Der Fall hat in Italien höchste Aufmerksamkeit. Die junge Frau konnte erst einmal von der italienischen Botschafterin in Teheran besucht werden, ihre Haftbedingungen werden als hart beschrieben. Meloni hat sich mit der Mutter von Cecilia Sala getroffen und alle Hilfe versprochen. Sie muss aber aufpassen, dass sie sich nicht etwa durch einen Austausch des Iraners gegen die Journalistin amerikanischen Unmut zuzieht.
Meloni zeigt einen Pragmatismus, der für Rechtsaussen-Politiker eher unüblich ist
Im Gespräch mit Trump sollen dies wie auch die bekannten weltpolitischen Themen besprochen worden sein, von der Drohung mit Handelszöllen gegen Europa bis zum Schicksal der von Russland überfallenen Ukraine; Meloni ist als kompromisslose Unterstützerin der Ukraine bekannt. Meloni hat mit diesem Treffen womöglich einen weiteren Schritt gemacht, um Trumps bevorzugte Ansprechpartnerin in Europa zu werden. Das würde ihre Position im Kreis der europäischen Führerinnen und Führer massiv stärken.
Meloni, die eine Partei anführt, die in Teilen immer noch postfaschistisch ist, steht Trump politisch nahe, wie sie selbst immer wieder betont. Sie zeigt aber auch gegenüber anderen Regierungschefs einen Pragmatismus, der für Rechtsaussen-Politiker eher unüblich ist. Im erwähnten Interview zum Jahreswechsel hatte sie sich überaus freundlich über den britischen Premier Keir Starmer geäussert, obwohl dieser als Labour-Politiker politisch deutlich anders verortet ist als sie – und mehr noch: Obwohl dieser gerade unter Dauerbeschuss durch Trump und Musk steht.

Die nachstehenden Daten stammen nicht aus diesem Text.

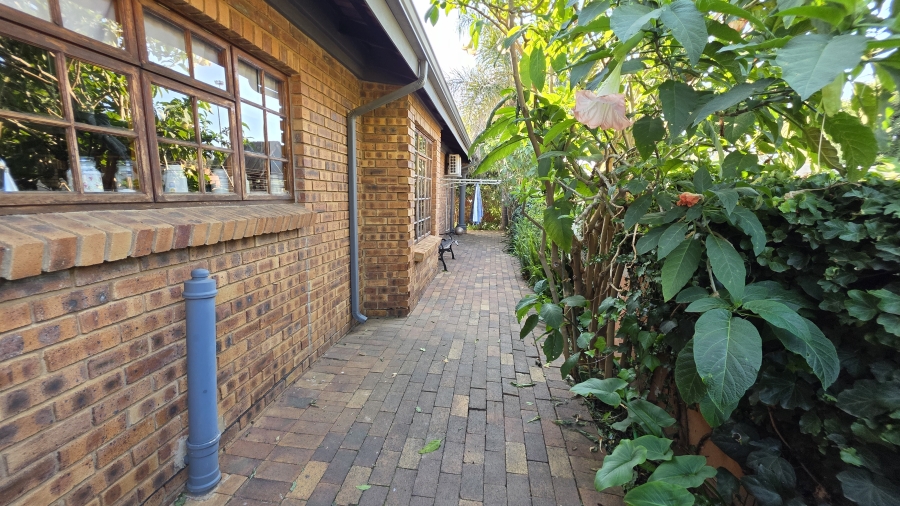 5 Bedroom Property for Sale in Selcourt Gauteng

Mit Starmer verstehe sie sich gut und stimme in vielen Fragen überein, sagte Meloni. Auch mit der EU-Kommissionspräsidentin und CDU-Politikerin Ursula von der Leyen pflegt sie eine enge Beziehung. Und wenn in der kommenden Woche der scheidende US-Präsident Joe Biden nach Rom kommt, wird Meloni, darf man vermuten, die Herzlichkeit in Person sein.